Reputation: 1371
I am stuck in a situation where I have a field in mysql which is a long html field. I need to extract the words between html tags.
Say,
<!DOCTYPE html><html><body><h1>My First Heading</h1><p>My first paragraph.</p></body></html>
I need something like this.
"My First Heading My first paragraph"
I am currently doing it in java from an exported csv file using a function like that of the following:
public String getStringFromHtml(String html) {
String nohtml = html.toString().replaceAll("<[^>]*>"," ");
return nohtml.trim().replaceAll("\\s+", " ");
}
But lets assume that I am just using Mysql workbench (no server side scripts) for some data analysis.
I was still wondering whether there are any ways that Mysql allow us to eliminate the html tags and extract the words in between. I tried to search all over stack overflow & google, I was not lucky as there is only advice to use it in PHP or java or stored procedures.
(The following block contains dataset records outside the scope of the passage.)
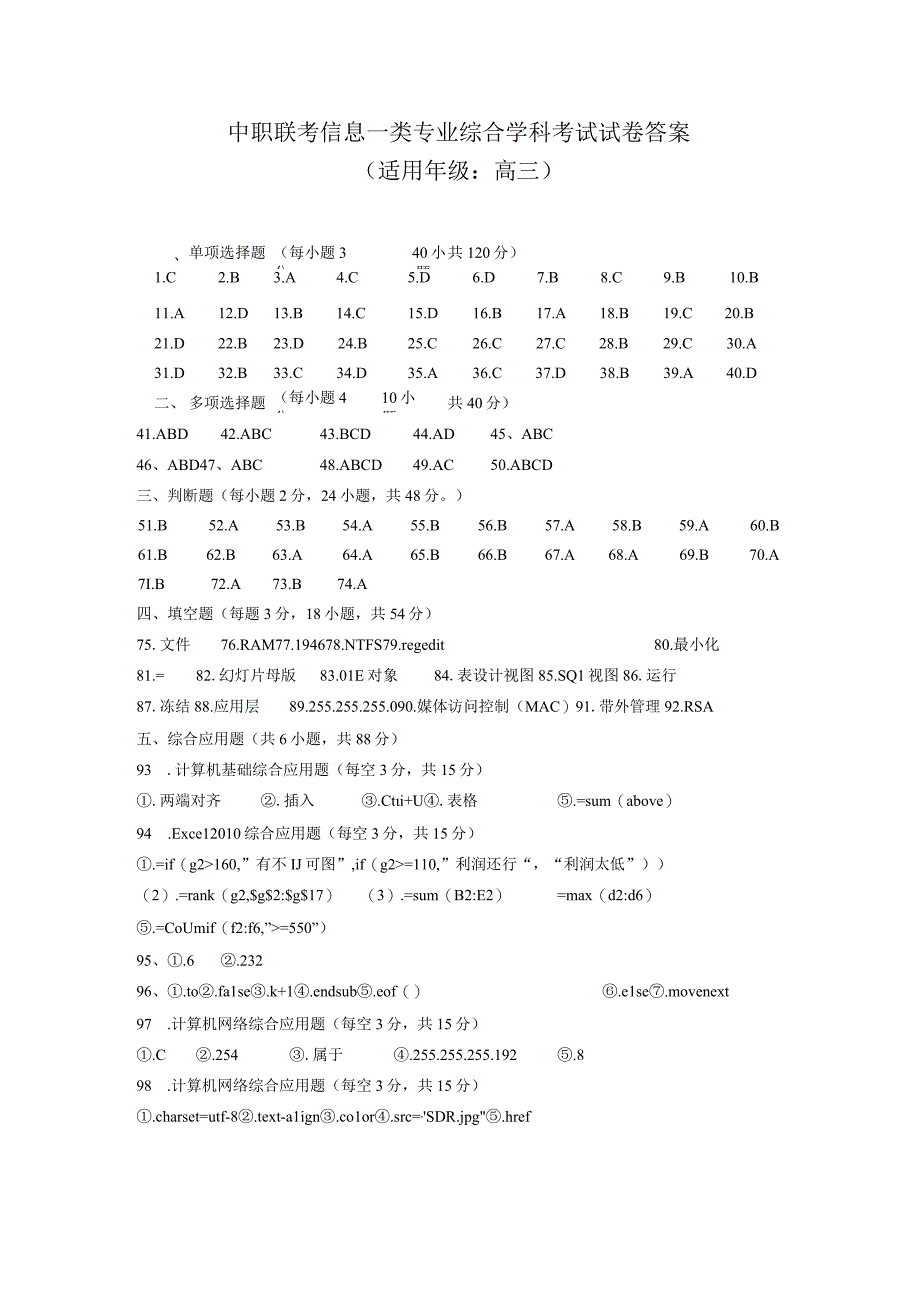 中职对口升学复习资料：中职联考信息一类专业综合试卷答案.docx_第1页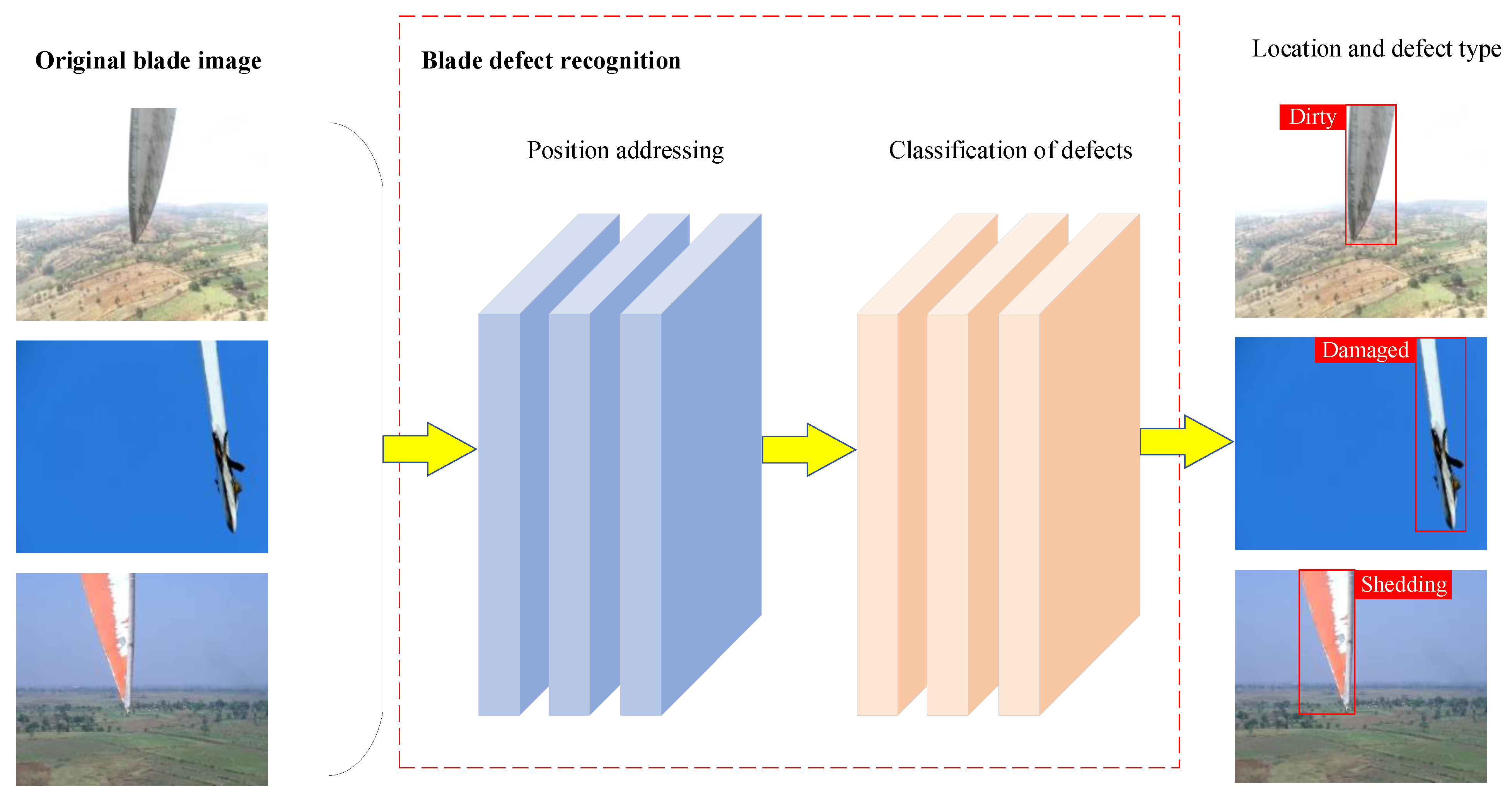 Sensors 25 04414 g001
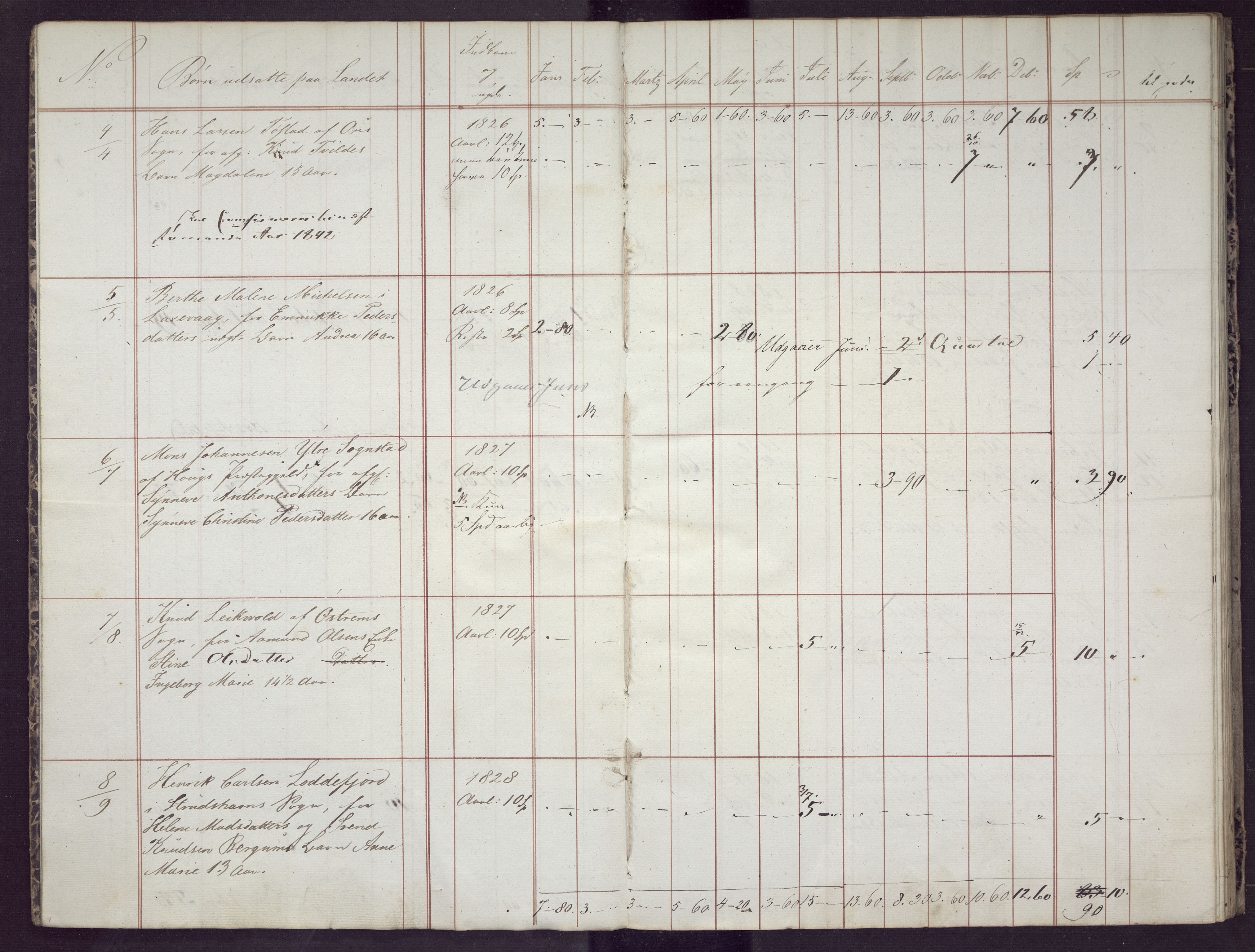 Bergen kommune. Sosialvesen, BBA/A-2588/F/Fd/Fda/L0014: Almisseprotokoll - Nykirken sogn, 1841, 1841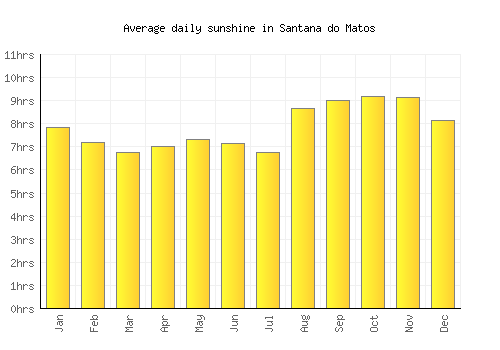 Santana do Matos average daily sunshine chart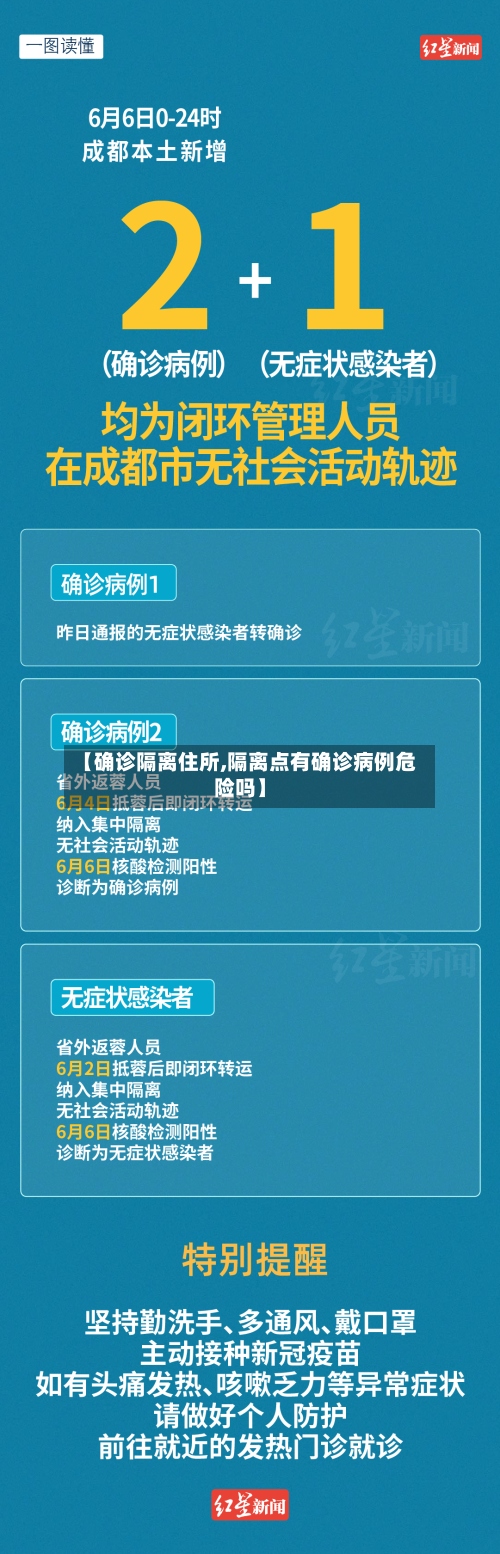 【确诊隔离住所,隔离点有确诊病例危险吗】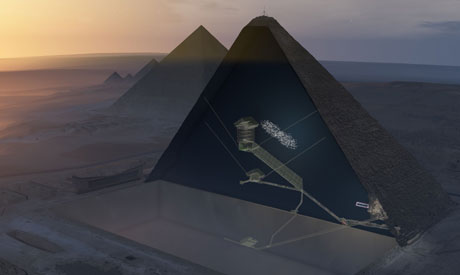 Khufu’s Pyramid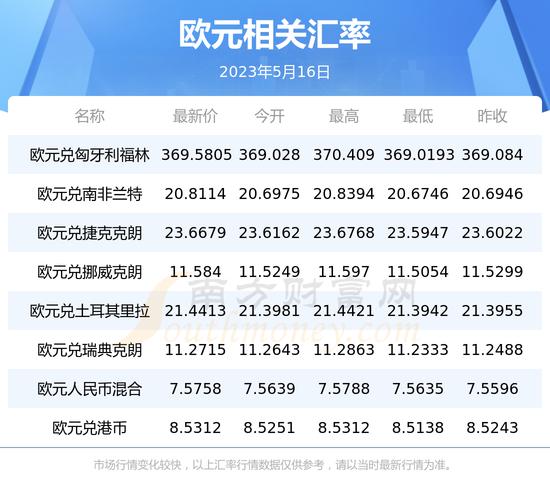 欧元兑美元平均汇率-第7张图片 欧元兑美元平均汇率-第7张图片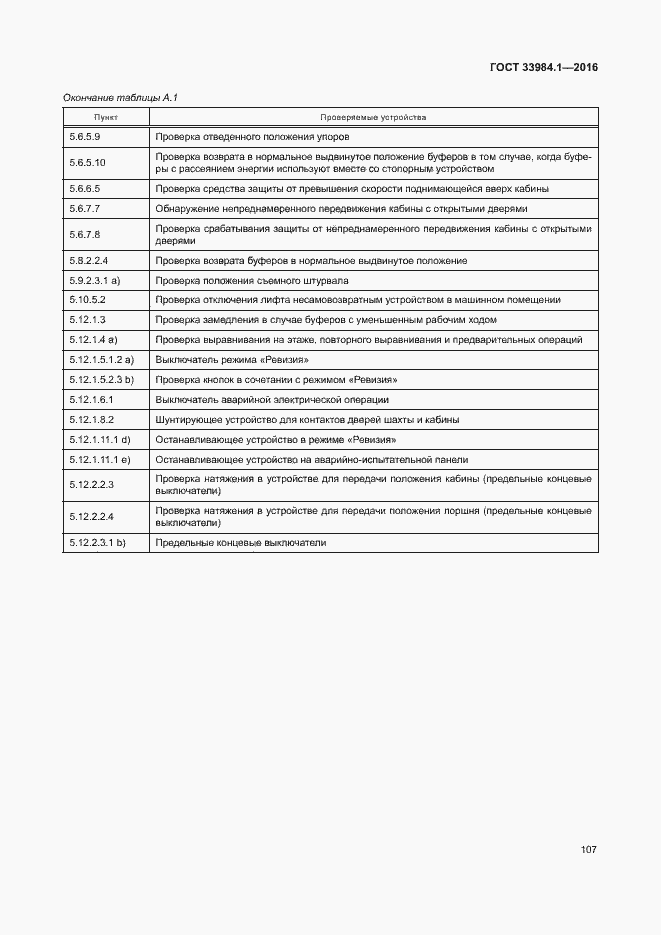 Страница 117 ГОСТ 33984.1-2016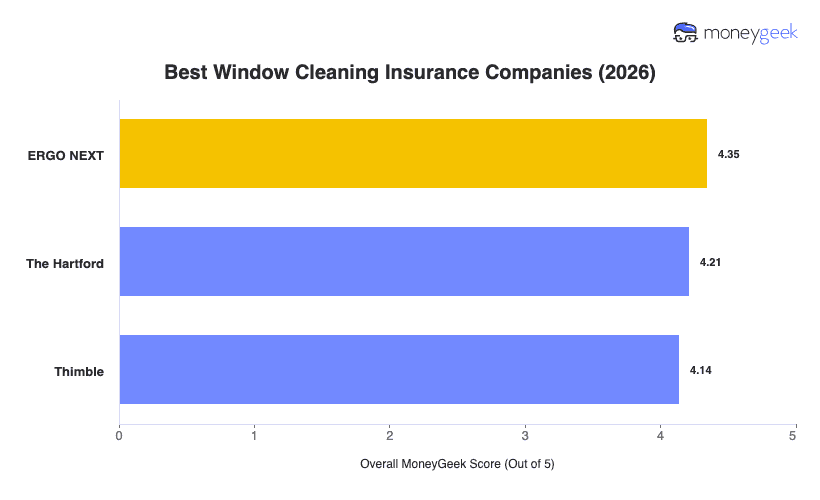 Best Window Cleaning Insurance Chart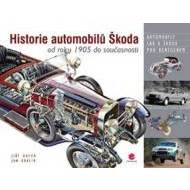 Historie automobilů Škoda od roku 1905 do současnosti - cena, porovnanie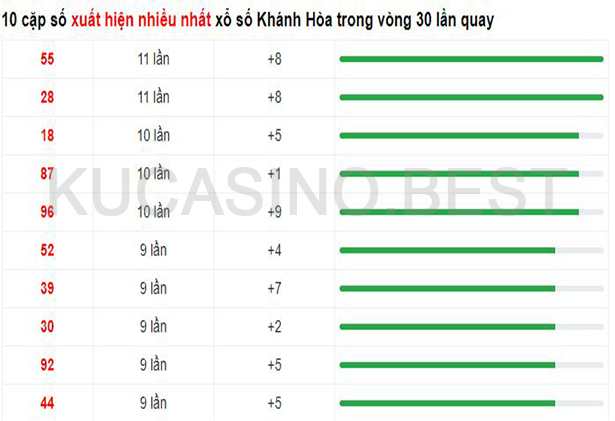 Soi cầu XSMT ngày 09/04/2023 Chủ Nhật dự đoán KQXS Miền Trung 3 Soi cầu XSMT ngày 09/04/2023 dự đoán xổ số miền trung Chủ Nhật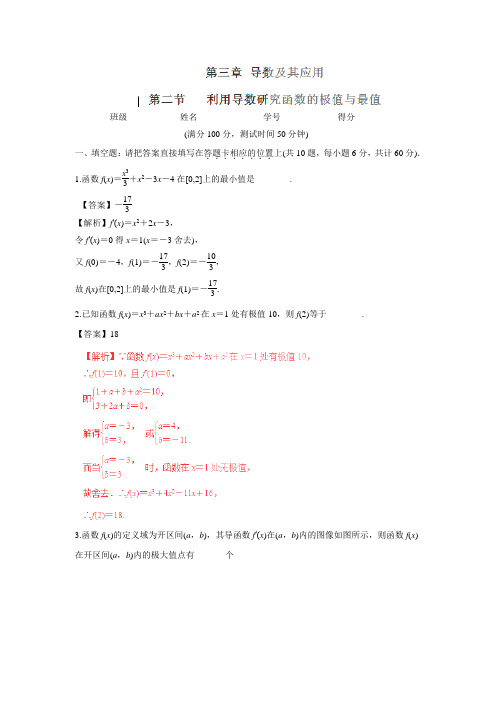 高考数学一轮复习讲练测(江苏版)：专题3.2 利用导数研究函数的极值与最值(测)(含答案解析)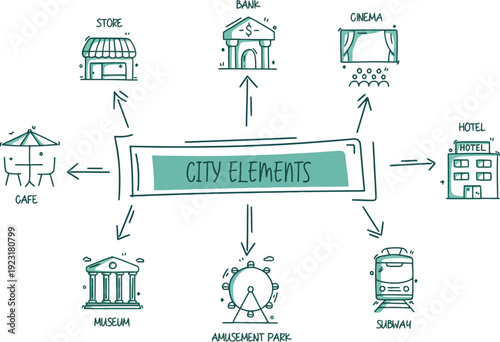 Hand-drawn mind map showing various city elements like cafe, store, bank, cinema, hotel, subway, and amusement park.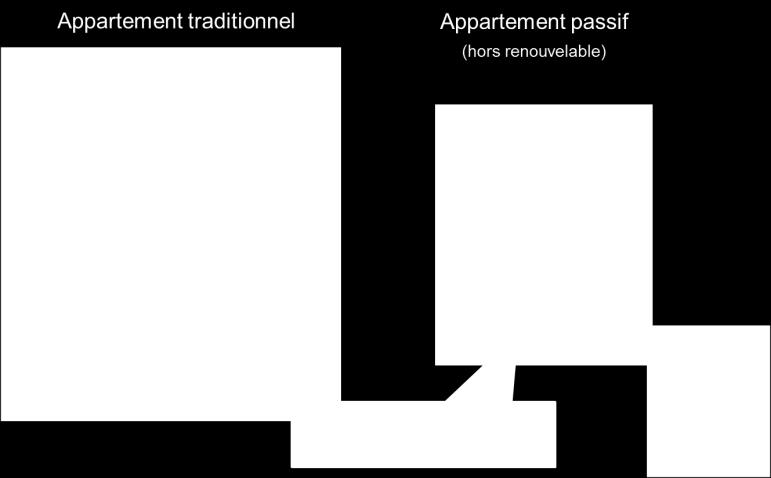 appartement en een passief appartement N Doeltreffend ventilatiesysteem: Impact op de behoefte aan verwarming en koeling (zie punt 1.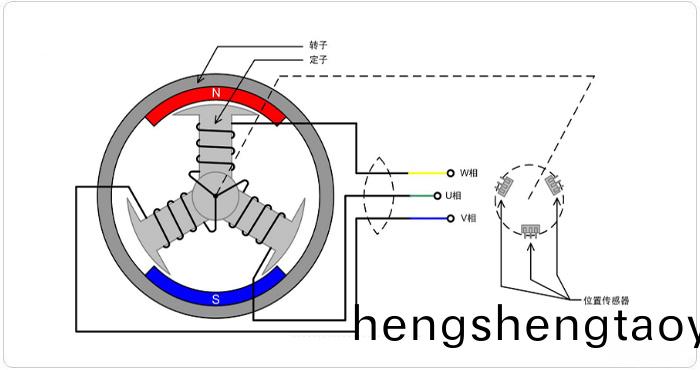 無刷直流電動機的(de)工作原(yuan)理_無刷電機_直流無(wu)刷電機-萬至達電機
Still there is no way to extract html text using SQL ?
Upvotes: 1
Views: 3552
Reputation: 562260
You can use the ExtractValue() function to give an XPath expression that will pick out the part you need:
mysql> SELECT html FROM mytable;
+----------------------------------------------------------------------------------------------+
| html |
+----------------------------------------------------------------------------------------------+
| <!DOCTYPE html><html><body><h1>My First Heading</h1><p>My first paragraph.</p></body></html> |
+----------------------------------------------------------------------------------------------+
SELECT ExtractValue(html, '//html/body/p[1]') AS value FROM mytable;
+---------------------+
| value |
+---------------------+
| My first paragraph. |
+---------------------+
Upvotes: 1